• **Work request**
Return the lines of the material below exactly, beginning with the line that has "When you get" in it and finishing with the line that has "G'day everyone, Tim" in it. Leave all pictures aside.
== Segment start ==
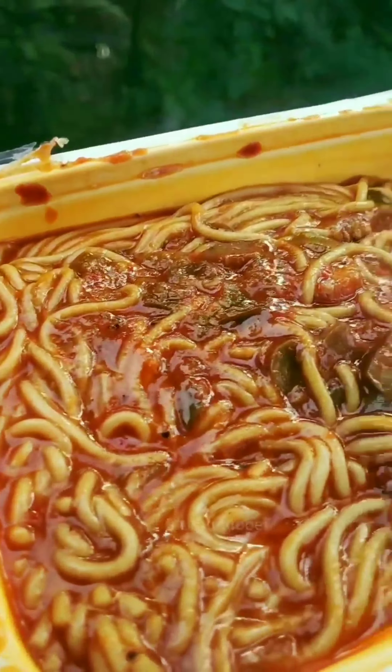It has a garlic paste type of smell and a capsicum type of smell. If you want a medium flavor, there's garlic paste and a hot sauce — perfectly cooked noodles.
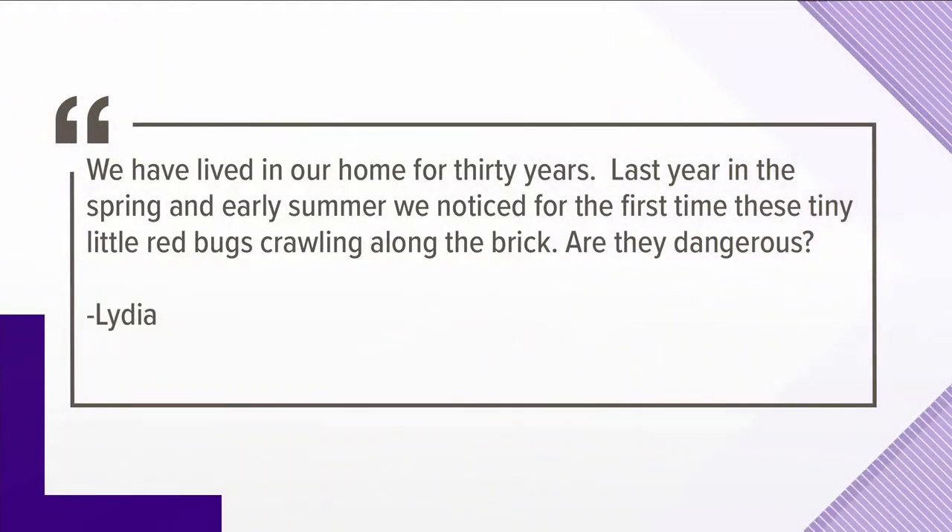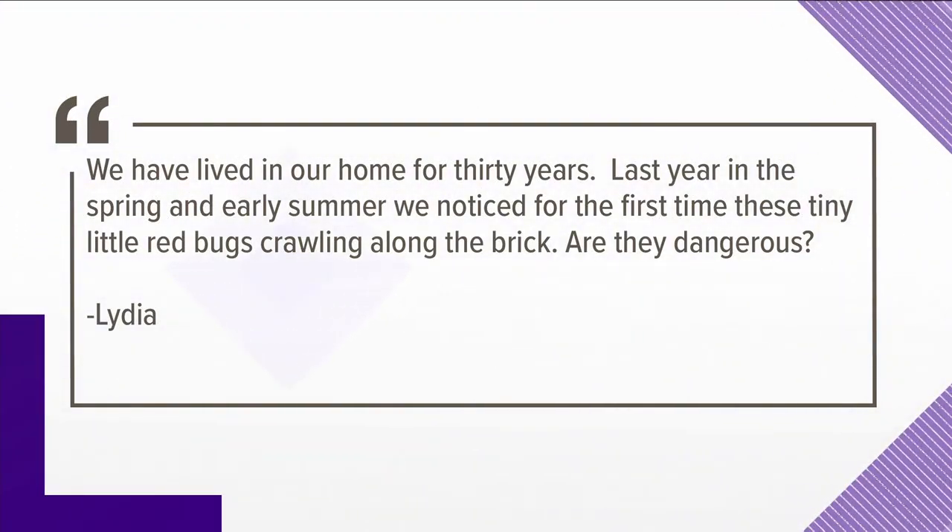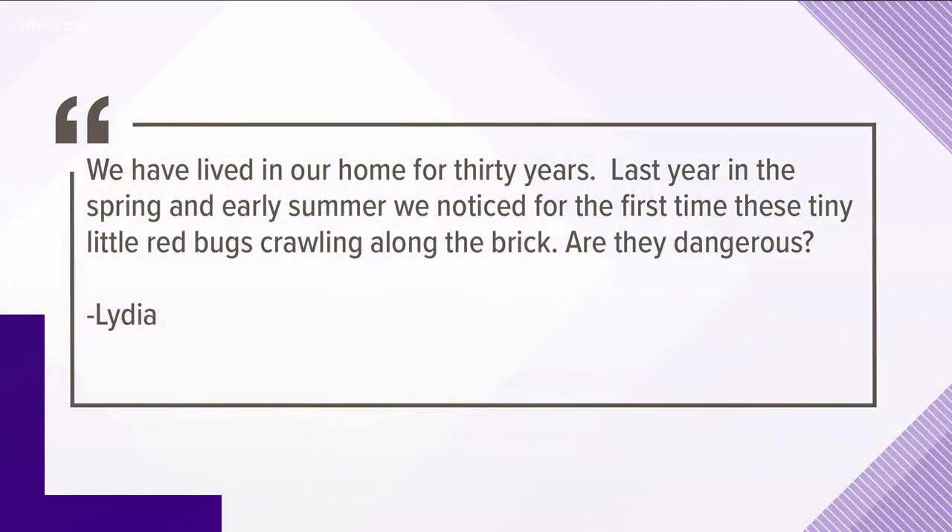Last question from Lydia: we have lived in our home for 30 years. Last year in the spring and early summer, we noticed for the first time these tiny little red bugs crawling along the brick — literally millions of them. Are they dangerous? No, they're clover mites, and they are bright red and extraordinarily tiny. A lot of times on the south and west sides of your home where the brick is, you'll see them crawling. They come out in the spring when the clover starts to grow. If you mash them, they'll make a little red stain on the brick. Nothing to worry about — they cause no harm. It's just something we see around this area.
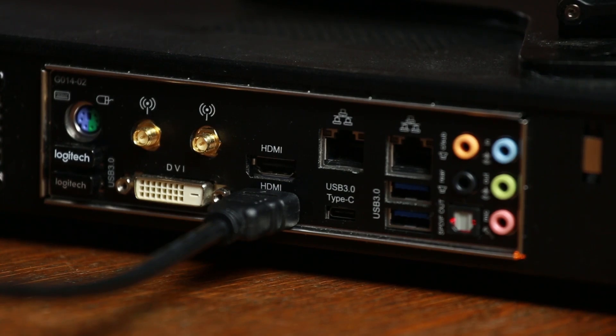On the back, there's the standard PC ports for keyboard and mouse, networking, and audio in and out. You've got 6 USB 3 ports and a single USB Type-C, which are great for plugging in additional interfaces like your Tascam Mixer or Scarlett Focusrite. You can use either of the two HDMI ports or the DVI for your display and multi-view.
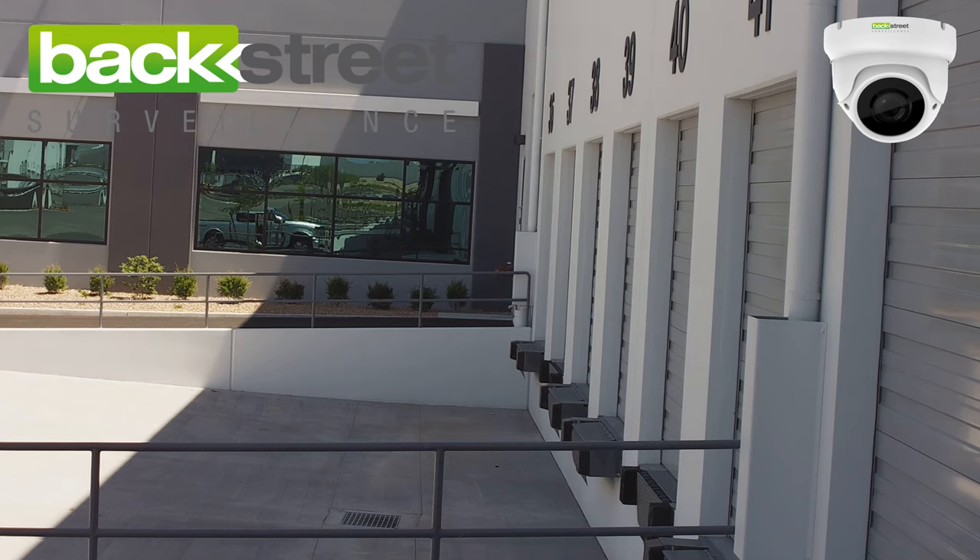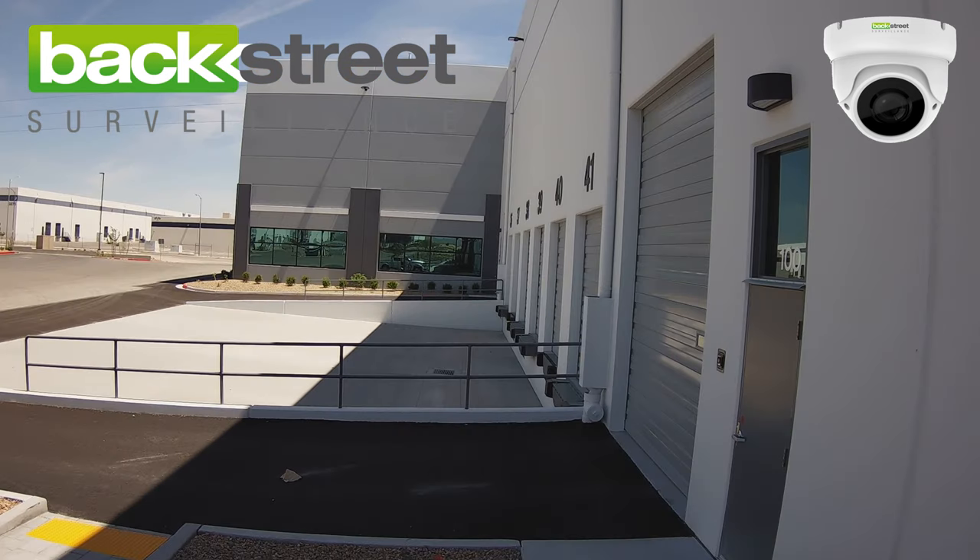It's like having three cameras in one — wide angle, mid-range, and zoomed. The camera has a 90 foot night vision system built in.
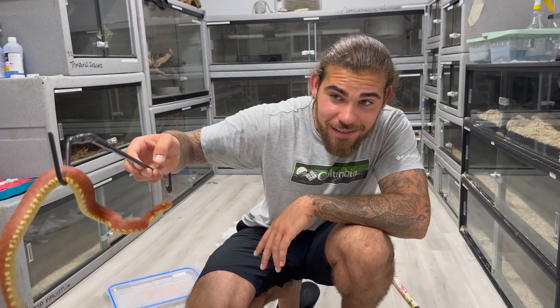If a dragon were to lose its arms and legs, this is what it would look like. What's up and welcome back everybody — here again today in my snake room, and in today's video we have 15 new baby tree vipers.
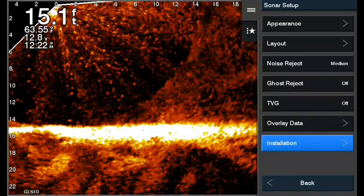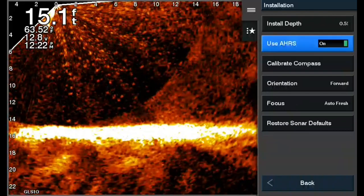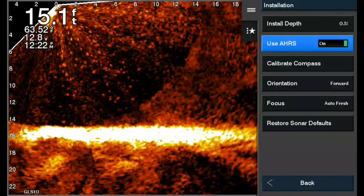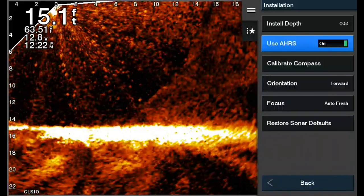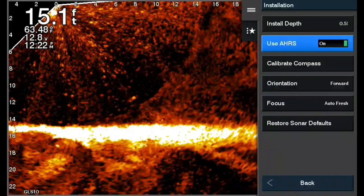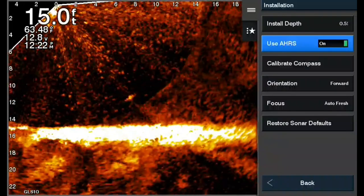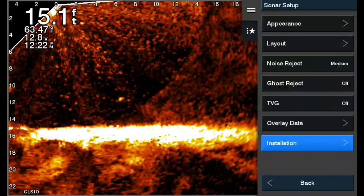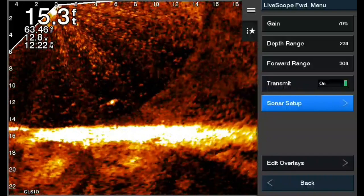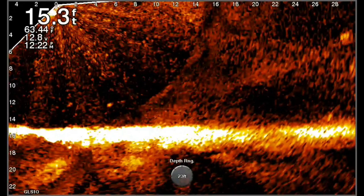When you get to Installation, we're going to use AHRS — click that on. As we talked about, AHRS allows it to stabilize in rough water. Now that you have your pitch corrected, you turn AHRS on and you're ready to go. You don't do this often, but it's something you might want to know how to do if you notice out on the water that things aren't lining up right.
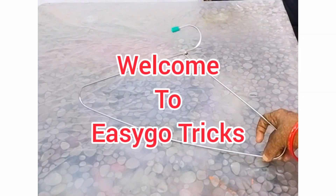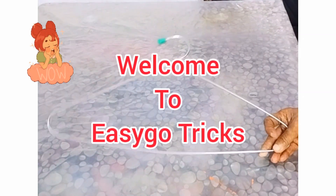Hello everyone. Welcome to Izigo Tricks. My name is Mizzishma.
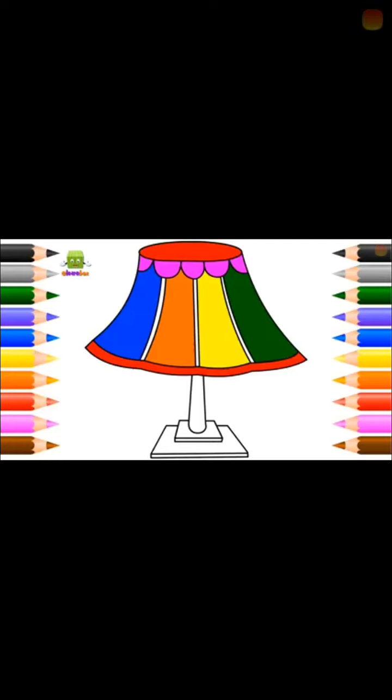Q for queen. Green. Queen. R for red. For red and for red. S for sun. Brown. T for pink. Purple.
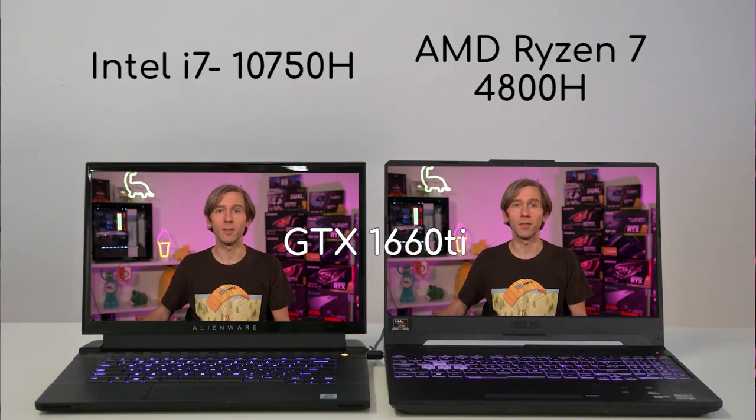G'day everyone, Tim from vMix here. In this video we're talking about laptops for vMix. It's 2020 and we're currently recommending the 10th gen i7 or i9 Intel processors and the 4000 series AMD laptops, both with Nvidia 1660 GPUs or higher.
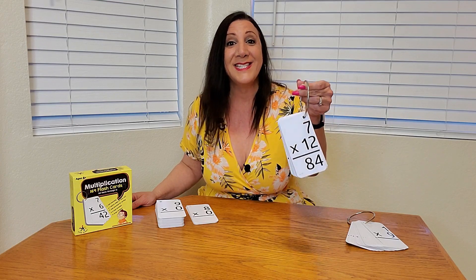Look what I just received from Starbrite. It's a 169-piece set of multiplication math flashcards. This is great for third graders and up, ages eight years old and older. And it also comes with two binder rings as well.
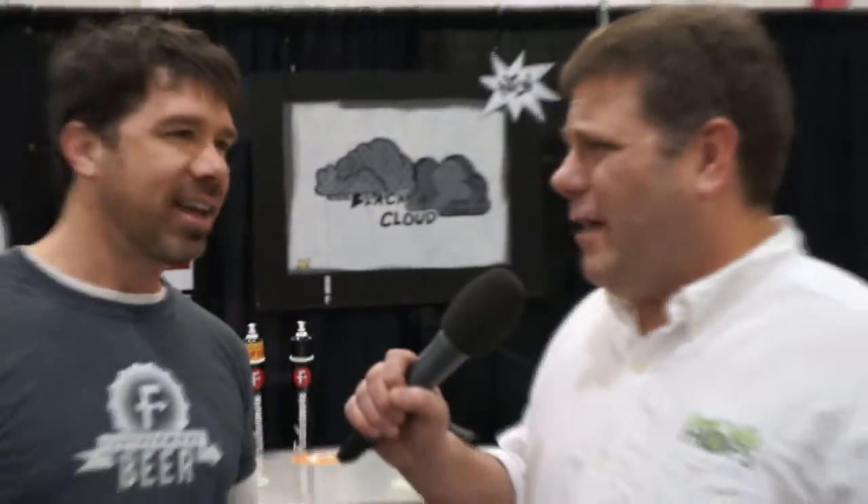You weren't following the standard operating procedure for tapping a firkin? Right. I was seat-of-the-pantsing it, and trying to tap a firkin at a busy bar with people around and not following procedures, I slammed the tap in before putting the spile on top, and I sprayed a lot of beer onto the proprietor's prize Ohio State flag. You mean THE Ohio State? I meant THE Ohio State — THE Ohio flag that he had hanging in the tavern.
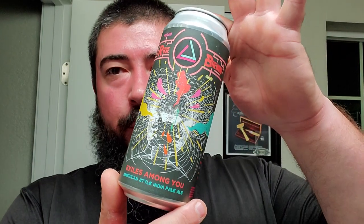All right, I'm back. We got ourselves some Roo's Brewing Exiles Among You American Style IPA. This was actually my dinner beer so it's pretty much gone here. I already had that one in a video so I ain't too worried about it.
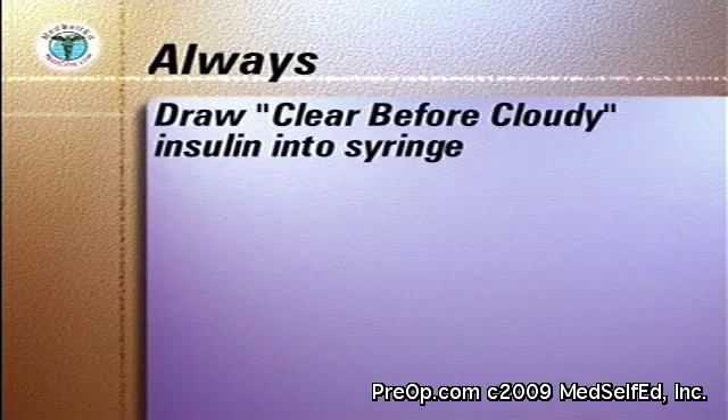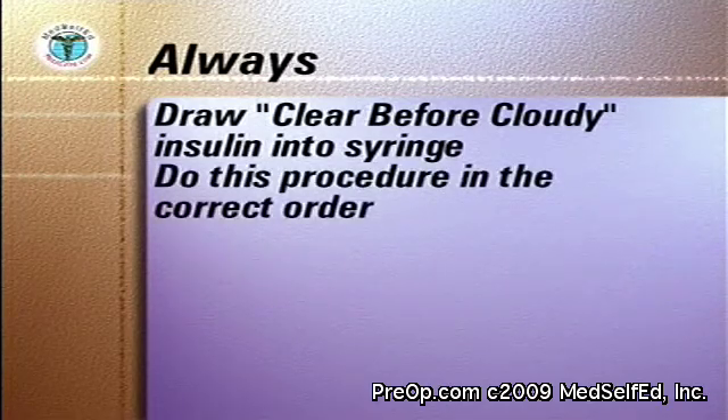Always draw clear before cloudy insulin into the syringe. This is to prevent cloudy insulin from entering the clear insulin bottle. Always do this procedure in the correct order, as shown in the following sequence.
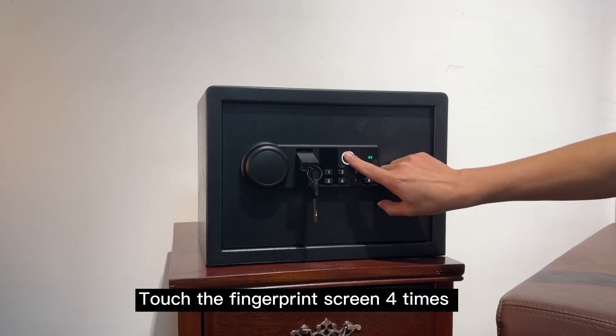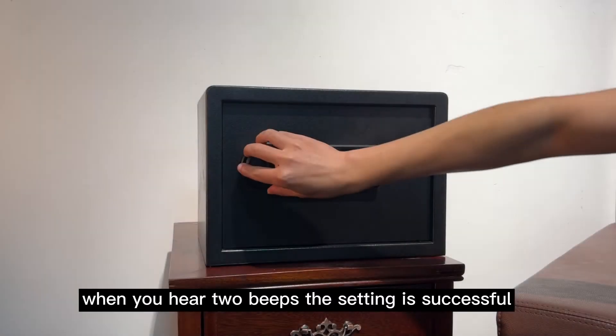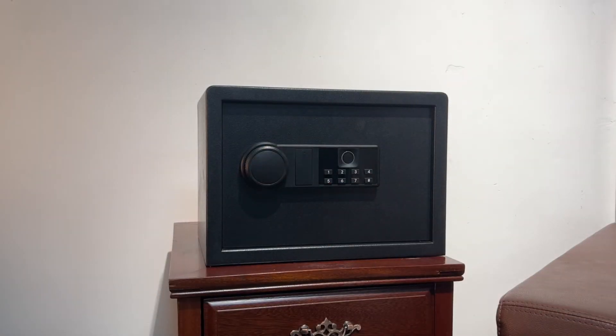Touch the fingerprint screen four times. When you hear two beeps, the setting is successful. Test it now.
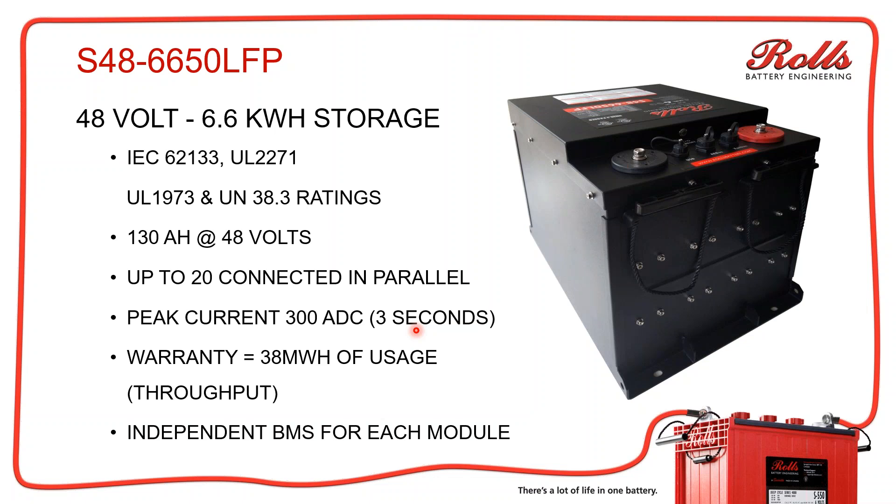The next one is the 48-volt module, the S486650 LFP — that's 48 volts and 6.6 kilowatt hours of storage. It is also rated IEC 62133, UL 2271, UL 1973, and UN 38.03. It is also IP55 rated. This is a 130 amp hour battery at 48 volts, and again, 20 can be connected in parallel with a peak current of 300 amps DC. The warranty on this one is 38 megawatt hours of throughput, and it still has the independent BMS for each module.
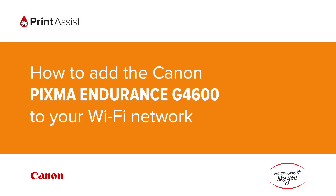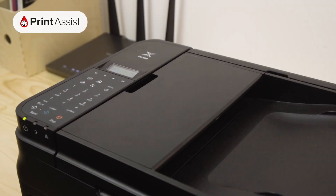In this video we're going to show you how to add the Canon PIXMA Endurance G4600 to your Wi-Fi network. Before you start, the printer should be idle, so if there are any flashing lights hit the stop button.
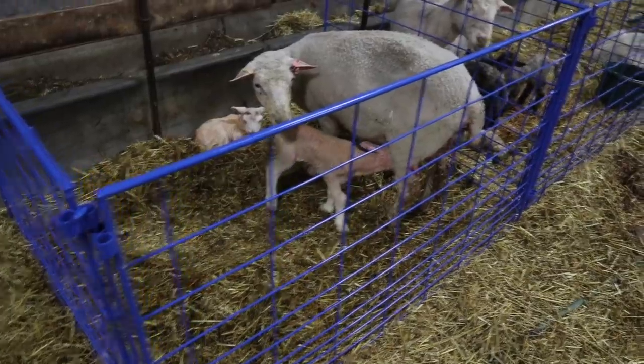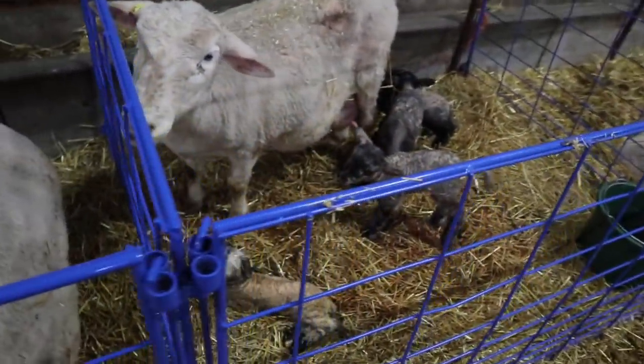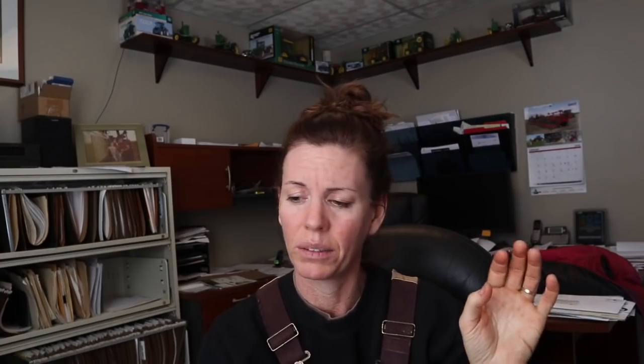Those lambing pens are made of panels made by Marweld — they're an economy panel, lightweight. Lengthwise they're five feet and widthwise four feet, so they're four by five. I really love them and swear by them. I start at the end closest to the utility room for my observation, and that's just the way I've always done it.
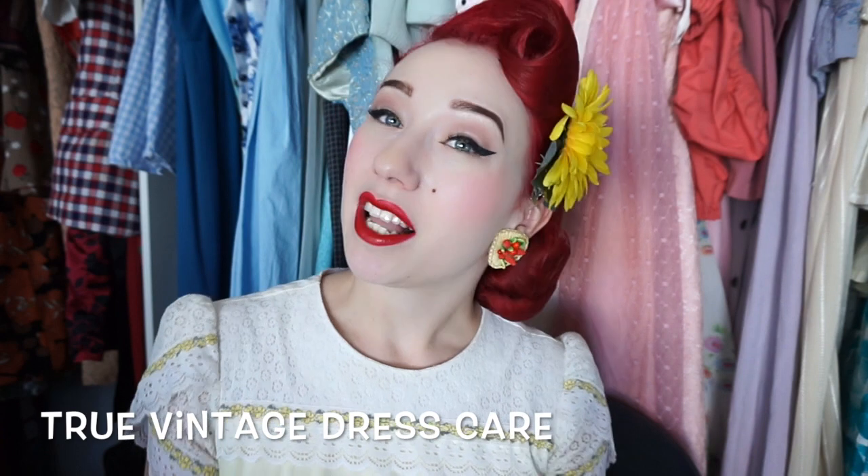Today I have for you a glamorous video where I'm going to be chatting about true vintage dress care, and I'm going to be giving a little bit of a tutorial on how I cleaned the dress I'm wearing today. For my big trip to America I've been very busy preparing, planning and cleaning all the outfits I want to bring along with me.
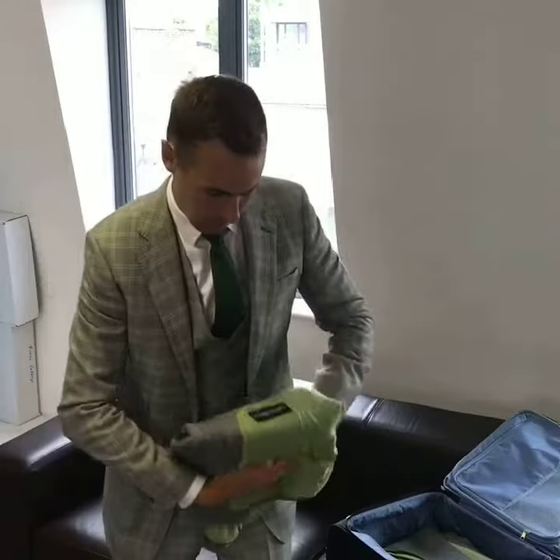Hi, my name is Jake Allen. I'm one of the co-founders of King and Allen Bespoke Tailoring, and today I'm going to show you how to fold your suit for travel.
== Segment end ==
• **Answer section**
When you get to Installation, we're going to use AHRS — click that on. As we talked about, AHRS allows it to stabilize in rough water. Now that you have your pitch corrected, you turn AHRS on and you're ready to go. You don't do this often, but it's something you might want to know how to do if you notice out on the water that things aren't lining up right.
Hello everyone. Welcome to Izigo Tricks. My name is Mizzishma.
Q for queen. Green. Queen. R for red. For red and for red. S for sun. Brown. T for pink. Purple.
G'day everyone, Tim from vMix here. In this video we're talking about laptops for vMix. It's 2020 and we're currently recommending the 10th gen i7 or i9 Intel processors and the 4000 series AMD laptops, both with Nvidia 1660 GPUs or higher.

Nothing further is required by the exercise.